▸ TASK DETAILS: Count the lines in the records that hold the string "Nhân". Only the number should be given.

▸ EXERCISE MATERIAL:

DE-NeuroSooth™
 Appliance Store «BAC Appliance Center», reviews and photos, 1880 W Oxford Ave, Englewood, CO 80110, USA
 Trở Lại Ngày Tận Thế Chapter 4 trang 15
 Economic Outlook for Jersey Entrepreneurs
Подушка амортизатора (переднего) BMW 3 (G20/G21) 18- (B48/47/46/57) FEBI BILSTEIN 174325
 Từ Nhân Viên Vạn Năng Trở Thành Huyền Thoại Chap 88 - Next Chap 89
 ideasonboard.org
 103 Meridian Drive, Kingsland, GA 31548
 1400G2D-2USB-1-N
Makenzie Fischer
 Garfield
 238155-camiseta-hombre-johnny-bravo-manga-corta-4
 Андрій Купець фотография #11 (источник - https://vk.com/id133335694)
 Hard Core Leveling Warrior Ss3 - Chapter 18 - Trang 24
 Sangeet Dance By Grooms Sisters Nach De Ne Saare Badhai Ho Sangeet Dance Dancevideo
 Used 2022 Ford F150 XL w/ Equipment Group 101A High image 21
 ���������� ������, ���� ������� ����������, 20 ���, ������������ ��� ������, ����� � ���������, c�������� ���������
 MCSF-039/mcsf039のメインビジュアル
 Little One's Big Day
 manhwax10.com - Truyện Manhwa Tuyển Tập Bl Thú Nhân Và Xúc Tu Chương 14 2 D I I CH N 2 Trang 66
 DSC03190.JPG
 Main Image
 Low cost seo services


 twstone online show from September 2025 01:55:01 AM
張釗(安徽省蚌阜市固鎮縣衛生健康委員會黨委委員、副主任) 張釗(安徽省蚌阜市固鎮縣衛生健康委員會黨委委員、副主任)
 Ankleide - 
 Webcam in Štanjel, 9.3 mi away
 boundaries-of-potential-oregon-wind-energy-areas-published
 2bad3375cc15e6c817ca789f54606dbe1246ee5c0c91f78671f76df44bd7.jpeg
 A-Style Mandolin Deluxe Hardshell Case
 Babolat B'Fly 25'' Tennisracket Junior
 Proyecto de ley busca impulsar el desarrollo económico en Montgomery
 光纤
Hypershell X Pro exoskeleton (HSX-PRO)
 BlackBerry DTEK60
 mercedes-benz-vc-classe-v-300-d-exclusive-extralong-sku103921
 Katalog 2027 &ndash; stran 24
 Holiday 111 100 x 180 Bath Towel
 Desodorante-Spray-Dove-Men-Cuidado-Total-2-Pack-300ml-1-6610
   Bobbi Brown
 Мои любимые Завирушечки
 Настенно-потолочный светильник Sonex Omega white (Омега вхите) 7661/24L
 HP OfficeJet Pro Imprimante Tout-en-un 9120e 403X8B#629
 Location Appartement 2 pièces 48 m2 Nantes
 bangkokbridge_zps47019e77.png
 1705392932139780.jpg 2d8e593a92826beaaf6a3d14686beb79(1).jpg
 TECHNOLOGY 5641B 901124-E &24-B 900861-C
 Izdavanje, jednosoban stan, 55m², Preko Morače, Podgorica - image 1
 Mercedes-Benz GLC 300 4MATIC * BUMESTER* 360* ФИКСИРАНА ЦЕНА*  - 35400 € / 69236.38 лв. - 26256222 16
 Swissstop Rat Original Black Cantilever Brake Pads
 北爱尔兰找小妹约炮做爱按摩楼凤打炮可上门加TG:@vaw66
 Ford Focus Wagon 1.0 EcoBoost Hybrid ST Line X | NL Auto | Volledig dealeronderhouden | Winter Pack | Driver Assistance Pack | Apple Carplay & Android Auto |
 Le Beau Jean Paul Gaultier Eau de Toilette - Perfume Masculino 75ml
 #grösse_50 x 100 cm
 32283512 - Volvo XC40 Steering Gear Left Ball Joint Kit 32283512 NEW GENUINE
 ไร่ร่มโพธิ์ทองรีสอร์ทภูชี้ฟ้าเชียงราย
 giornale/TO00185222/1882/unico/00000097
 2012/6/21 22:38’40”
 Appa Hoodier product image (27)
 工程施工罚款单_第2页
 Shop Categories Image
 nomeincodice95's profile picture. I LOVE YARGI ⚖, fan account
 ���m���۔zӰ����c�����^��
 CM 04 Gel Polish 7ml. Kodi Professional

▸ SOLUTION TO THIS TASK: 2